Raw data
-*-*-
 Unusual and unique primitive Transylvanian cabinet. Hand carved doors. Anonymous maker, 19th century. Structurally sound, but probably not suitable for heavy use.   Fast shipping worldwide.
-*-*-
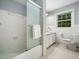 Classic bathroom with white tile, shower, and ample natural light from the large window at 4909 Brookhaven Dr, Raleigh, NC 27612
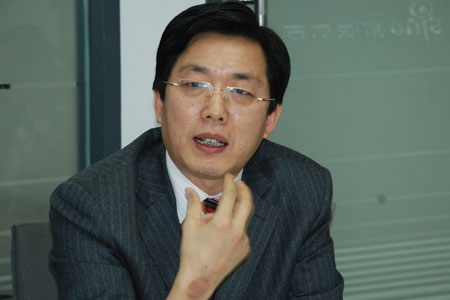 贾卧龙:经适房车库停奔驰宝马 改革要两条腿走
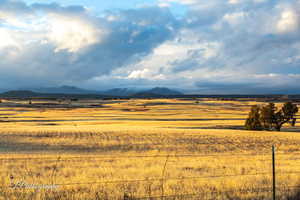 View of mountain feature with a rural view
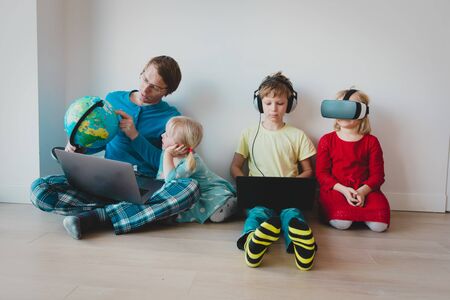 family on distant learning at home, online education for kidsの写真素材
-*-*-
Your objective
Only one stretch of the data is wanted: write out exactly the lines from the one holding "View of mountain feature with a rural view" through the one holding "family on distant", both included, without the pictures.

The completed task
 View of mountain feature with a rural view
 family on distant learning at home, online education for kidsの写真素材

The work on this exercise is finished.